Cambodia: UN rights office decries use of excessive force against protesters

7 January 2014 – The United Nations human rights office today expressed deep concern about what it said is disproportionate use of force by law enforcement officials responding to protesters in Cambodia, and urged authorities and security forces to exercise utmost restraint.

We urge the Cambodian authorities to launch a prompt and thorough investigation and to ensure full accountability of members of security forces found to have used disproportionate and excessive force, spokesperson for the UN Human Rights Office (OHCHR), Rupert Colville, told journalists in Geneva.

He stressed that policing of demonstrations must comply at all times with international human rights obligations and international standards in maintaining public order, as specified in the UN Code of Conduct for Law Enforcement Officials and the UN Basic Principles on the Use of Force and Firearms by Law Enforcement Officials.

Five people were killed on 3 January when security forces opened fire on striking garment workers in Phnom Penh.

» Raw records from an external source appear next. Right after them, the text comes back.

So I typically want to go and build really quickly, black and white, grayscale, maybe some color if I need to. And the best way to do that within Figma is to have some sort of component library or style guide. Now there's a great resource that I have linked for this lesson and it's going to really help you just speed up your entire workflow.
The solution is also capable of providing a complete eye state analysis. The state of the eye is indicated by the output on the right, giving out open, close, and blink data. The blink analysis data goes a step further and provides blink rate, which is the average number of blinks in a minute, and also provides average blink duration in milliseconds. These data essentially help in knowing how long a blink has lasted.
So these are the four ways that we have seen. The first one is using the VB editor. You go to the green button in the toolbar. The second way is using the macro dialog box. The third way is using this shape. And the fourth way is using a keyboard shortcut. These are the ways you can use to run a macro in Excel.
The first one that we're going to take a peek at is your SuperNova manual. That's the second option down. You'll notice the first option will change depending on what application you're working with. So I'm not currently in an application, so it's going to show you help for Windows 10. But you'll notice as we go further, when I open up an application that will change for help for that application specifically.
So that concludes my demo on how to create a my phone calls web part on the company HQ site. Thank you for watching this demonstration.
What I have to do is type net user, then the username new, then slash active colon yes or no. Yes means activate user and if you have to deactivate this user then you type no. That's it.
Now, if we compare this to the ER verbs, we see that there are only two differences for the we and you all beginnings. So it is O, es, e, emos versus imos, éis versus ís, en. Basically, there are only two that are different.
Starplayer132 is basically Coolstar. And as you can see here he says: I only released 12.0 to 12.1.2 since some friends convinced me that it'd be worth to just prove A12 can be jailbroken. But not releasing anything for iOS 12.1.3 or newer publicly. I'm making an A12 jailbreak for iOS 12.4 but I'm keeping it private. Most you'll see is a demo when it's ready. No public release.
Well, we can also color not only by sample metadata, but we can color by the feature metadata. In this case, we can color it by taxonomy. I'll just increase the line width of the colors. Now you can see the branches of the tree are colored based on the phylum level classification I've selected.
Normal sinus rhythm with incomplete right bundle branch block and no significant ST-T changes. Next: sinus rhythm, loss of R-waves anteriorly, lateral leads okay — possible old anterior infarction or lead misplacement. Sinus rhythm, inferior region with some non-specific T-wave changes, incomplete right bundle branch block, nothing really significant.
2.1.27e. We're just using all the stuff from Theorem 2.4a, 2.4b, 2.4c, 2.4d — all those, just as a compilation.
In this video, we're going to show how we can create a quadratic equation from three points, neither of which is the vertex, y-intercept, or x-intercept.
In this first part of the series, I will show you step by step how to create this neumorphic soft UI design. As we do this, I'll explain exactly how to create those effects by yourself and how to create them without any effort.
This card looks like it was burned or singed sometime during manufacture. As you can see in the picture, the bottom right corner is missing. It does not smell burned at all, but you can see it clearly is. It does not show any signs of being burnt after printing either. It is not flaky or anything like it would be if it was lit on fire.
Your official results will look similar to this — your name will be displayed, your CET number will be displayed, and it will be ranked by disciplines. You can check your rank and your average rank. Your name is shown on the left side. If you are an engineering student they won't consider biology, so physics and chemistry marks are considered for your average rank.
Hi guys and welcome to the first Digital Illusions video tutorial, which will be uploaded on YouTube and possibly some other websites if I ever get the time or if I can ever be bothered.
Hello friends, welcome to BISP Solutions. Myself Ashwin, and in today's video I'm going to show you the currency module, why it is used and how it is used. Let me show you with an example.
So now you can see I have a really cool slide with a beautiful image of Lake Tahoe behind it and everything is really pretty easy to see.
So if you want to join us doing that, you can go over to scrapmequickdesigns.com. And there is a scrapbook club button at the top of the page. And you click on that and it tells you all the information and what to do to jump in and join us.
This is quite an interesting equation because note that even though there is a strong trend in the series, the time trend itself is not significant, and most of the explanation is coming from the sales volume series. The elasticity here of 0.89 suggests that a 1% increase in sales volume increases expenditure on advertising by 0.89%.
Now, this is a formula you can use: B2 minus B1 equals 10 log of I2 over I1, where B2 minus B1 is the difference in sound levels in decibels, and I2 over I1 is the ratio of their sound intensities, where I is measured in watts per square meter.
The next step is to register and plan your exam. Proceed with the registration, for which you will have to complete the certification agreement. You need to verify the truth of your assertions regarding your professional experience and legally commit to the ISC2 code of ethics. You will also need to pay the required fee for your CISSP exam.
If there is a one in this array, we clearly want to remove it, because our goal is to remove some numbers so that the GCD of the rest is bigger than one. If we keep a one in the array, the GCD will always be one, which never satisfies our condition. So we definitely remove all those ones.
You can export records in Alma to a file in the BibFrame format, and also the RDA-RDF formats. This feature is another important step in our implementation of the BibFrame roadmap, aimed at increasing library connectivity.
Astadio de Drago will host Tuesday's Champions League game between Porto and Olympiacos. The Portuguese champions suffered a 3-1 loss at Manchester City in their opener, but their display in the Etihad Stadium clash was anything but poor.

An additional 20 people were injured by gunfire and beatings.

According to OHCHR, the striking garment workers pressing for higher wages have added fuel to political demonstrations organized since July by the opposition party to demand the resignation of Prime Minister Hun Sen and a re-run of the election.

The Special Rapporteur on the situation of human rights in Cambodia, Surya P. Subedi, has repeatedly called for calm. The incident on 3 January was the third time since the disputed July 2013 general election that the authorities have shot into a crowd and caused fatalities.

Briefing journalists today, Mr. Colville said that while OHCHR notes the challenges authorities face in maintaining public order, the UN human rights officials join Mr. Subedi in calling on all protesters to exercise maximum restraint.

Acts of sporadic violence during public gatherings must not be used as an excuse to deprive others of their right to freedom of peaceful assembly, a right that must be protected and promoted by the authorities, Mr. Colville said.

In addition, he noted that 23 people, including at least one minor, were detained following the clashes, and their whereabouts remain unknown.

We urge the Cambodian authorities to allow all those held incommunicado to have access to their families, legal representation and, if needed, medical care, the spokesperson said. If not charged with a legally defined offence, they should be released immediately.